I can’t figure out this warning, which I get when data validating as well when training new model: “The out of vocabulary token ‘oov’ was configured, but could not be found in any one of the ResponseSelector training examples. All unseen words will be ignored during prediction.”
In Rasa OS documentation, I can’t find anything on Responseselector needed for token ‘oov’
I’ve also looked at [Rasa demo Github](GitHub - RasaHQ/rasa-demo: Sara - the Rasa Demo Bot: An example of a contextual AI assistant built with the open source Rasa Stack], but couldn’t figure out how to make a response selector that could solve the warning.
So:
- What training data examples do I have to add above the ones I already have, like “- ik vind oov_niet_voor_bedoeld_ niet leuk”
- What ResponseSelector is to be used for this oov-token?

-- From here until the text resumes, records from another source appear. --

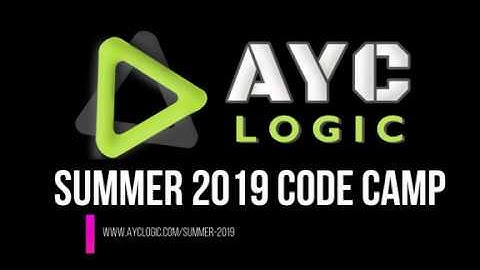 SUMMER 2019 - CODING CAMP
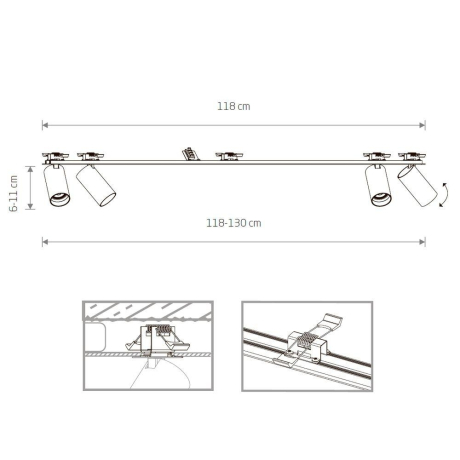Спот Nowodvorski Mono Surface 7831 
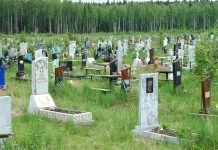 У храмов и на кладбищах в эти выходные дежурит милиция Приднестровцам напоминают об обязательном соблюдении защитных мер. Фото: www.newsko.ru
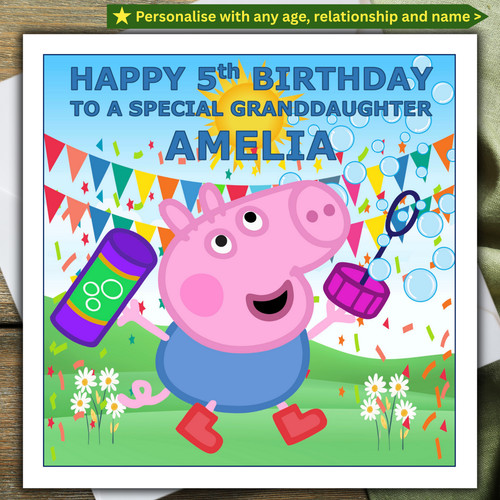 Biglietto compleanno peppa pig - biglietto,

------- Configuration and data ----- Rasa OS : 3.1.7
data/nlu.yml:
..... (lot of intents before and after, so here only the intent with oov token. ):
- intent: Iets anders dan ik voor ben bedoeld
examples: |
- ik vind oov_niet_voor_bedoeld_ niet leuk
- ik vind oov_niet_voor_bedoeld_ vies
- ik vind oov_niet_voor_bedoeld_ niet lekker
- ik lust geen oov_niet_voor_bedoeld_
- houd je van oov_niet_voor_bedoeld_
- wat is oov_niet_voor_bedoeld_
- wie hebben v
- wie zijn oov_niet_voor_bedoeld_
- wat vind je van oov_niet_voor_bedoeld_
- wat vind jij mooi oov_niet_voor_bedoeld_
- wat vind je oov_niet_voor_bedoeld_
- vind je oov_niet_voor_bedoeld_ goed
..... (and so on, many more examples with oov)
config:
recipe: default.v1
language: nl
policies:
- name: AugmentedMemoizationPolicy
max_history: 5
- name: RulePolicy
core_fallback_threshold: 0.3
core_fallback_action_name: action_default_fallback
enable_fallback_prediction: false
- name: TEDPolicy
max_history: 5
epochs: 80
constrain_similarities: true
model_confidence: softmax
pipeline:
- name: WhitespaceTokenizer
intent_tokenization_flag: true
intent_split_symbol: +
- name: RegexFeaturizer
case_sensitive: false
use_word_boundaries: true
- name: LexicalSyntacticFeaturizer
- name: CountVectorsFeaturizer
analyzer: word
min_ngram: 1
max_ngram: 3
OOV_token: oov_niet_voor_bedoeld_
use_shared_vocab: false
- name: CountVectorsFeaturizer
analyzer: char_wb
lowercase: true
min_ngram: 1
max_ngram: 4
- name: RegexFeaturizer
case_sensitive: false
- name: DIETClassifier
epochs: 80
constrain_similarities: true
model_confidence: softmax
entity_recognition: true
- name: ResponseSelector
epochs: 80
constrain_similarities: true
model_confidence: softmax
retrieval_intent: Q&A
- name: EntitySynonymMapper
- name: FallbackClassifier
threshold: 0.45
ambiguity_threshold: 0.1